The determinism of system (built-in) functions is immutable. According to Apache Calcite’s SqlOperator definition, there are two kinds of functions which are not deterministic: dynamic functions and non-deterministic functions.

/**
 * Returns whether a call to this operator is guaranteed to always return
 * the same result given the same operands; true is assumed by default.
 */
public boolean isDeterministic() {
  return true;
}

/**
 * Returns whether it is unsafe to cache query plans referencing this
 * operator; false is assumed by default.
 */
public boolean isDynamicFunction() {
  return false;
}

The isDeterministic() method indicates the determinism of a function is evaluated per-record during runtime if it returns false.

The isDynamicFunction() method implies the function can be evaluated only at query-start if it returns true. It will be pre-evaluated during planning only for batch mode. For streaming mode, it is equivalent to a non-deterministic function, because the query is executed continuously under the abstraction of a continuous query over dynamic tables, so the dynamic functions are also re-evaluated for each query execution, which is equivalent to per-record in the current implementation.

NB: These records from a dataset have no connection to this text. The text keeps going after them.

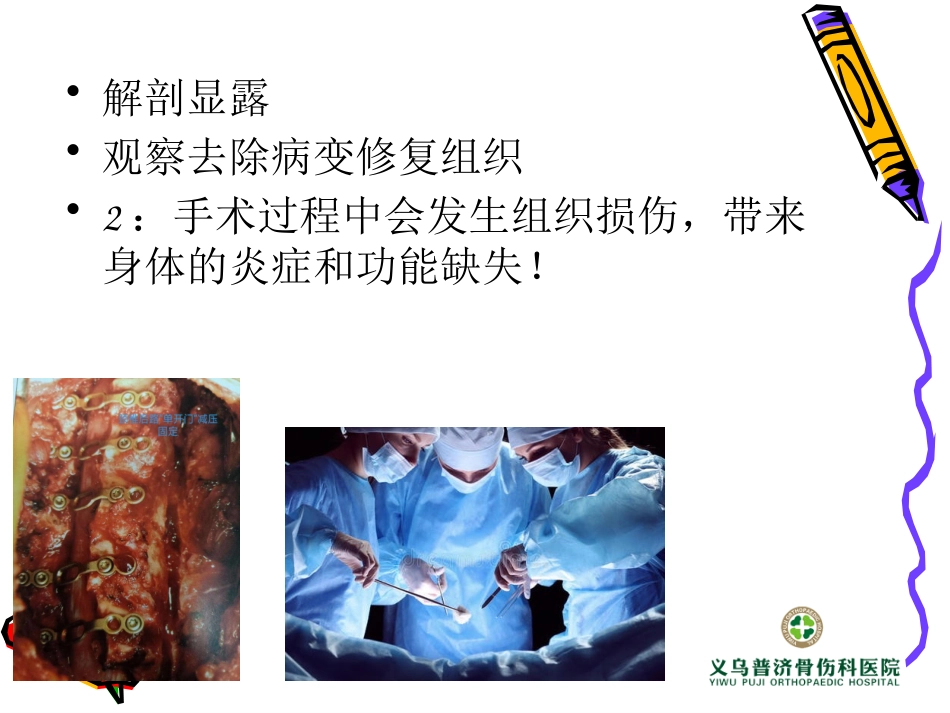 椎间孔镜治疗椎间盘突出_第3页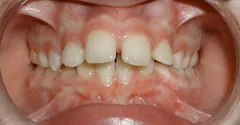 Before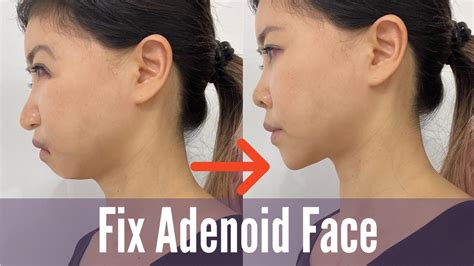What Is Adenoid Face How To Improve Koko Face Yoga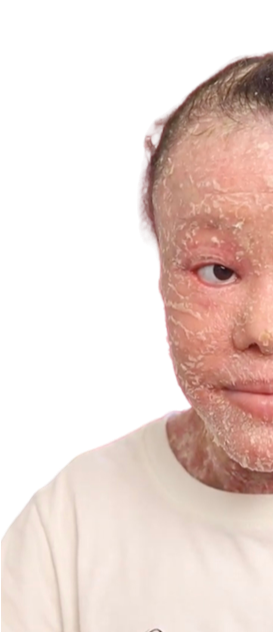 Ictiose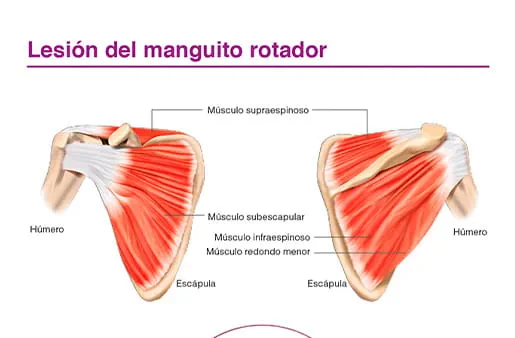 Lesión del manguito rotador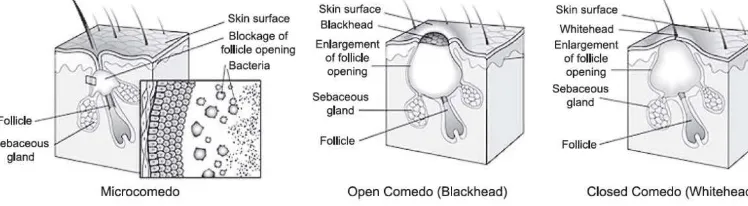 Gambar 2.4. Tipe-tipe lesi acne comedonal (Manchini, 2008) 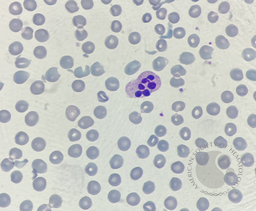 Neutrophil hyper-segmentation 7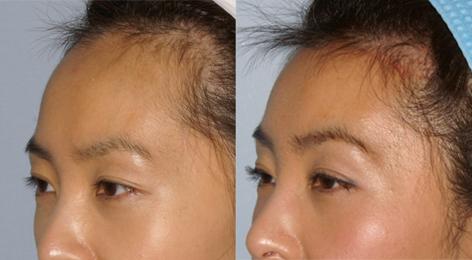 Hair Line Lowering before and after photos in San Francisco, CA, Patient 13981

The isDynamicFunction method applies only to system functions.

The following system functions are always non-deterministic, which means they are evaluated per-record during runtime, both in batch and streaming mode.

  • CURRENT_ROW_TIMESTAMP
  • RAND
  • RAND_INTEGER
  • UNIX_TIMESTAMP
  • UUID

The following system temporal functions are dynamic and are pre-evaluated during planning (query-start) for batch mode and evaluated per-record for streaming mode.

  • CURRENT_DATE
  • CURRENT_TIME
  • CURRENT_TIMESTAMP
  • LOCALTIME
  • LOCALTIMESTAMP
  • NOW

UDF regional availability

Flink UDFs are available in the following AWS regions.

  • ap-northeast-2
  • ap-south-1
  • ap-southeast-1
  • ap-southeast-2
  • ca-central-1
  • eu-central-1
  • eu-central-2
  • eu-west-1
  • eu-west-2
  • sa-east-1
  • us-east-1
  • us-east-2
  • us-west-2

UDF limitations

  • Confluent CLI version 4.13.0 or later is required.
  • External network calls from UDFs are not supported.
  • JDK 17 is the latest supported Java version for uploaded JAR files.
  • Each Flink statement can have no more than 10 UDFs.
  • Each organization/cloud/region/environment can have no more than 100 Flink artifacts.
  • The size limit of each artifact is 100 MB.
  • Aggregates are not supported.
  • Table aggregates are not supported.
  • Temporary functions are not supported.
  • The ALTER FUNCTION statement is not supported.
  • Vararg functions are not supported.
  • User-defined structured types are not supported.
  • Python is not supported.
  • Both inputs and outputs of the UDF have a row-size limit of 4MB.
  • Custom type inference is not supported.
  • Constant expression reduction is not supported.
  • The UDF feature is optimized for streaming processing, so the initial query may be slow, but after the initial query, a UDF runs with low latency.

UDF logging limitations

  • Public Kafka destinations only: Private networked cluster types aren’t supported as logging destinations.
  • Log4j logging only: External UDF loggers can be composed only with the Apache Log4j logging framework.
  • Burst rate to 1000/s: UDF logging supports up to 1000 log events per second for each UDF during a short burst of high activity. This helps to optimize performance and to reduce noise in logs. Events that exceed the maximum rate are dropped.